_Task_: From the line containing "Letecké muzeum" through the last line of the records below, output every line exactly as it appears, but leave out the pictures.

_Captioned web images_:
● ● ●

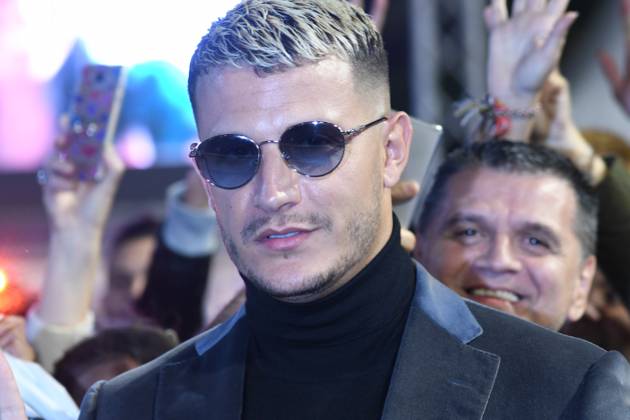 DJ Snake (William Grigahcine) - 19ème édition des NRJ Music Awards à Cannes le 4 novembre 2017. Rachid Bellak Bestimage 19th edition of the NRJ Music Awards in Cannes on November 4th, 2017. Paris France Copyright: xRACHIDxBELLAKx xBESTIMAGExRACHIDxBELLAKx xBESTIMAGEx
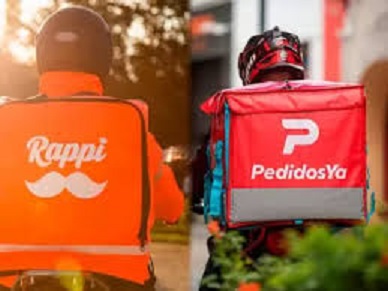 Impulsan paradas para delivery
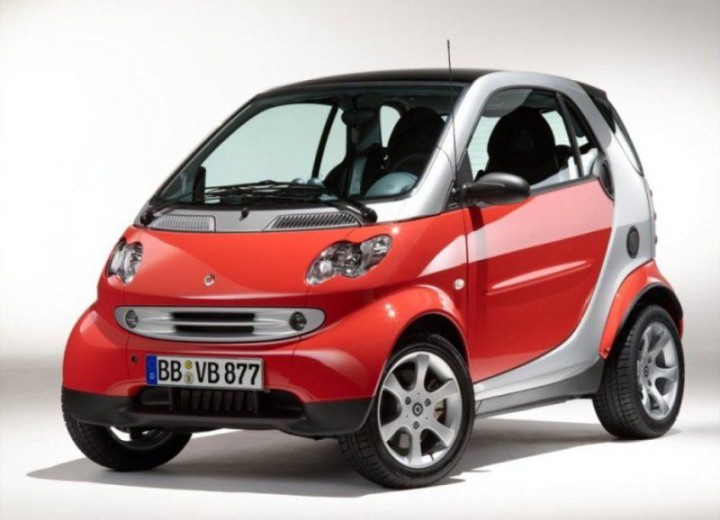 Reprogrammation Smart ForTwo 0.8 CDI 41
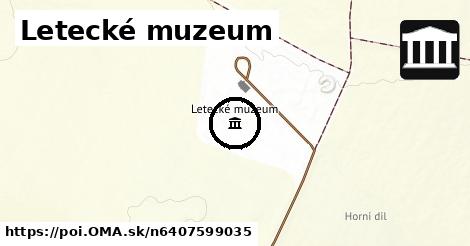 Letecké muzeum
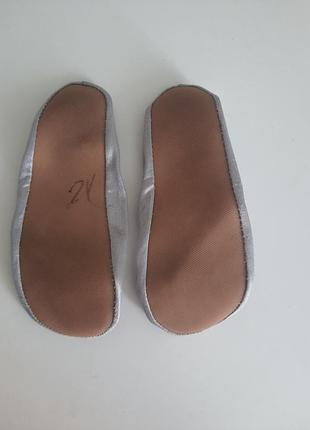 Балетки детские 2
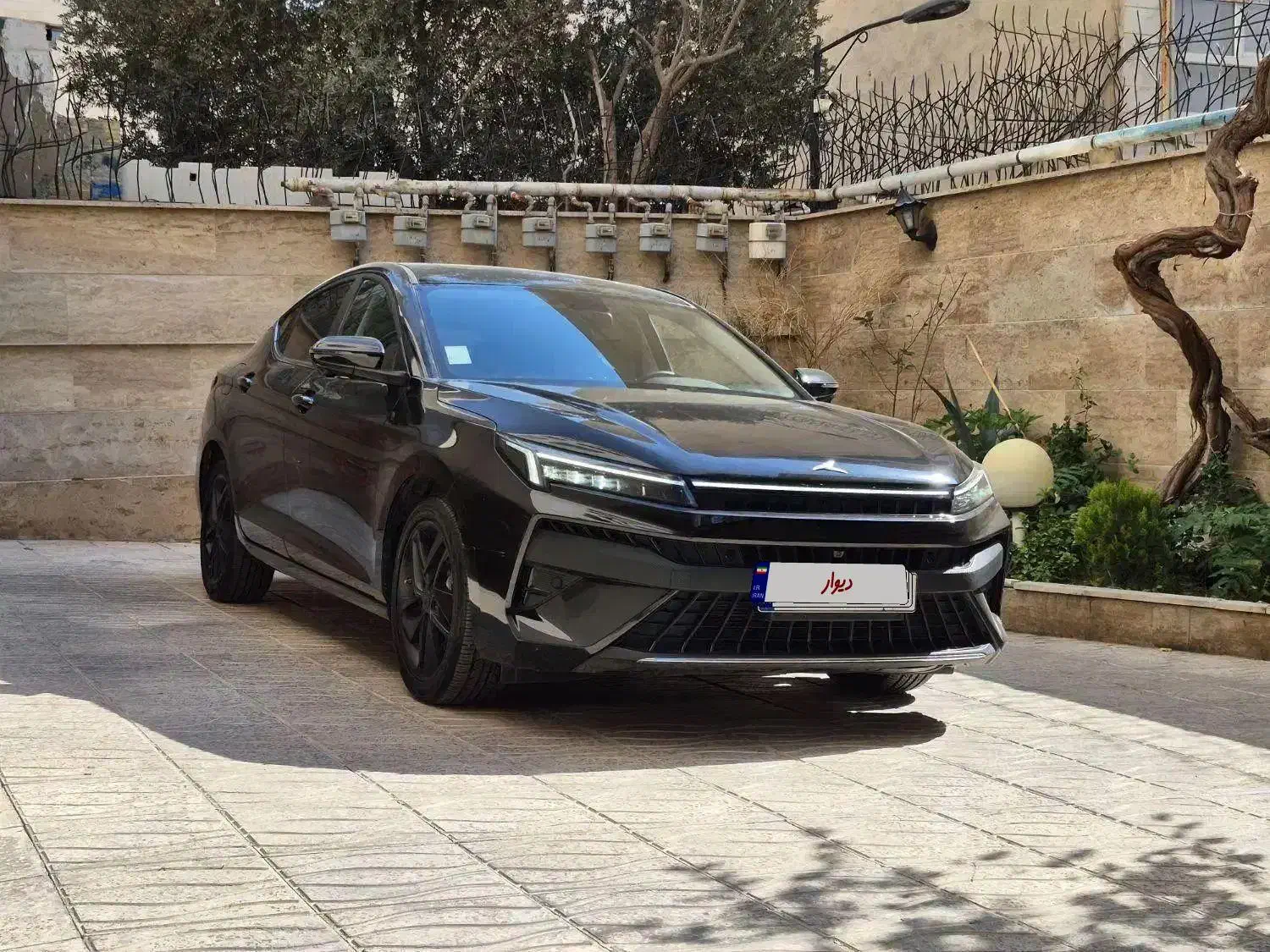 کی ام سی j7 مدل402 سرامیک شده|خودرو سواری و وانت|فردیس, فردیس|دیوار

● ● ●

_Task solution_:
 Letecké muzeum
 Балетки детские 2
 کی ام سی j7 مدل402 سرامیک شده|خودرو سواری و وانت|فردیس, فردیس|دیوار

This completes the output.